Remember that scene with the Joker making out with Harley in the vat we put a pin in earlier?  Let’s go back to that.  It’s representative of another problem with the writing: the fact that the script doesn’t know what it’s doing outside of fan service, lots and lots of fan service.  I can’t say too much about Harley’s outfit, as she likely would have looked ridiculous in her traditional harlequin unitard, and my male eyes just couldn’t get enough of Robbie’s cheeks pressing against the floss that comprised those hot pants, but her look was definitely a heaping helping of fan service, down to the white shirt (don’t get me started on that trite slogan on it) that inevitably succumbed to the copious amounts of wetness that bombarded it.  A deeper dig toward fangasm appeared with Harley’s exposition, wherein she posed with a tuxedo-ed Joker, mirroring an Alex Ross comic cover from years back.  Then there’s the inclusion of creator John Ostrander’s name on the side of a building, a little inclusion I otherwise wouldn’t have a problem with had the camera not fucking lingered on it for too long, ruining the Easter egg nature of the reference.  Then, with the vat scene, that’s supposed to be acid, right?  I mean, it says so on the side of the vat in huge letters.  Yet nothing negative seems to be happening to either Harley or the Joker, save a bit of soupy liquid temporarily covering them and the Joker’s makeup running a bit.  But we needed that shot, y’see, not only to help establish the Joker’s hold over Harley, but also to get a rise from the geeks looking for some clown nookie.  Nevermind the whole fucking point of the Harley-Joker relationship, one of a warning illustration to women about the dangers of abusive relationships, we need to have them make out, dammit!  We need to make this sickly-looking rigging session appear cool, dramatic, sexy.  Asses in the seats, don’tcha know, and Harley is our most malleable object to sell to these drooling fans.  Just tell the damn story, you fucking hacks!

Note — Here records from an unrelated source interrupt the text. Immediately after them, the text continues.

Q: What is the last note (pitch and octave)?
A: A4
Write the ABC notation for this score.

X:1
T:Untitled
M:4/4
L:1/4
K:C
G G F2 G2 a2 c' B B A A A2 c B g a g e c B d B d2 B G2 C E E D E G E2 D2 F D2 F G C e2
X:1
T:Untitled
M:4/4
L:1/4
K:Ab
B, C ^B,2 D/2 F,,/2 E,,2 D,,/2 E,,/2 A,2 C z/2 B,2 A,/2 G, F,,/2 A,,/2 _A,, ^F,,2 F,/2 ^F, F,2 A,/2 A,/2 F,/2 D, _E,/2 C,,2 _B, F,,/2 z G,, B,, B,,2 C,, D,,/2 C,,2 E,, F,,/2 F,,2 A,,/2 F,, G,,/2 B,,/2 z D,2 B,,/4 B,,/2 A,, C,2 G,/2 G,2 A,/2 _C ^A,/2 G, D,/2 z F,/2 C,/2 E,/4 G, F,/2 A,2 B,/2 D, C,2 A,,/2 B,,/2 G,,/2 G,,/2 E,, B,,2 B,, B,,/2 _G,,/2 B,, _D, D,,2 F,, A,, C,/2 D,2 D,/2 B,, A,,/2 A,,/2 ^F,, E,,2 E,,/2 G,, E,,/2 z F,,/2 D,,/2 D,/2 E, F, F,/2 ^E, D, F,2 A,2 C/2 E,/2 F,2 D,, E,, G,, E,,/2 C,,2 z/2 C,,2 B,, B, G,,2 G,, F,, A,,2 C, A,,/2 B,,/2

In the end, there was almost nothing positive for me to find in Suicide Squad.  It was a garbled mess of hack efforts all around, with the exceptions of Smith, Kinnaman, half of Hernandez, and half of Robbie.  I couldn’t sit back and enjoy the wildness, ’cause there was little wildness to be found amidst the thunderous jungle of inept filmmaking and cynical marketing.  I didn’t want to hate this thing, I really didn’t, but that’s exactly what I ended up doing.  I have little faith in the extended cut, as it’s likely just going to present a less haphazard edit (you know, the one we should have fucking gotten in the first place!).  I can see why they didn’t release a stronger product, what with the relative failure of BvS and whatnot, but at least turn in a competent product, guys.  Most of you are capable, we know that, just do it.  Fuck the studio, which has a history of mishandling its properties (anyone remember Schumacher?  How about Wild Wild West?  The poaching and destruction of a potentially interesting Superman movie from Tim Burton?), fuck the fanboys and fangirls who’ll likely never be fully satisfied anyway (I know this from experience), just make a good movie.  The money will come.  Trust me.